Forsters Betrachtungsweise der Welt ist zeitlos und lässt Rückschlüsse auf unsere gegenwärtige Welt und ihre Verfasstheit zu. Heute müssen wir keine Weltreisen mehr antreten, um mit dem Andersartigen, konfrontiert zu werden. Das Fremde findet sich im und unter dem Eigenen, im gesellschaftlichen Gefüge, in Konflikten und Krisen. Dennoch ist der Beobachter in jeder Begegnung mit dem Unbekannten gefordert und aus gestörter Vertrautheit geht ein Mehr an Erfahrungen hervor.

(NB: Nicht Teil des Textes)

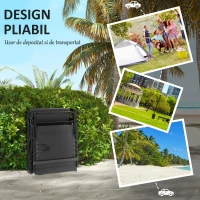 Outsunny Șezlong pliabil cu pernă, tetieră și buzunar lateral, 58x189x32,5 cm, negru(m-5)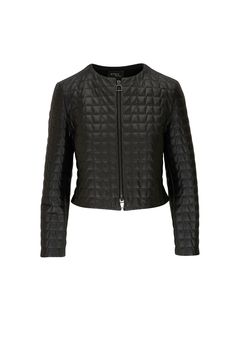 Akris - Pippa Black Quilted Leather Jacket | Mitchell Stores Elegant Leather Biker Jacket For Spring, Classic Long Sleeve Leather Jacket For Evening, Elegant Leather Jacket With Zip Fly, Leather Biker Jacket With Long Sleeves For Office, Luxury Quilted Fitted Leather Jacket, Leather Biker Jacket For Office, Spring Evening Leather Jacket, Chic Formal Leather Jacket With Zipper Closure, Luxury Fitted Quilted Leather Jacket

Ausgehend von Georg Forsters vielseitigen Hinterlassenschaften und seinen Reisen stellt die Ausstellung „FORSTER 1754-2015“ vor allem die Frage nach Erleben und Begegnung mit dem Fremdartigen und den daraus resultierenden Rückwirkungen und Verflechtungen mit der eigenen Kultur. Zu sehen ist keine Ausstellung, die den historischen Forster wiederbelebt, sondern Versuche, die heute umso dringlicher benötigten Betrachtungsweisen und Weltwahrnehmungen Georg Forsters zu beleuchten und zu verbildlichen. Ganz im universellen Forsterschen Sinne werden ethnographische, botanische, historische sowie zeitgenössische Exponate und Konzepte zueinander gebracht – Dinge, die auf eine Art zusammen gehören, die sich formal oder inhaltlich ergänzen. Die zeitgenössischen Künstler Lothar Baumgarten, Camille Henrot, Friedemann von Stockhausen setzen sich mit Georg Forster, seinen Vermächtnissen und der fortdauernden Aktualität seines einfühlsamen wie fortschrittlichen Blicks auf die Welt auseinander und verwandeln dafür die drei Ausstellungshallen in Denk- und Wahrnehmungsräume.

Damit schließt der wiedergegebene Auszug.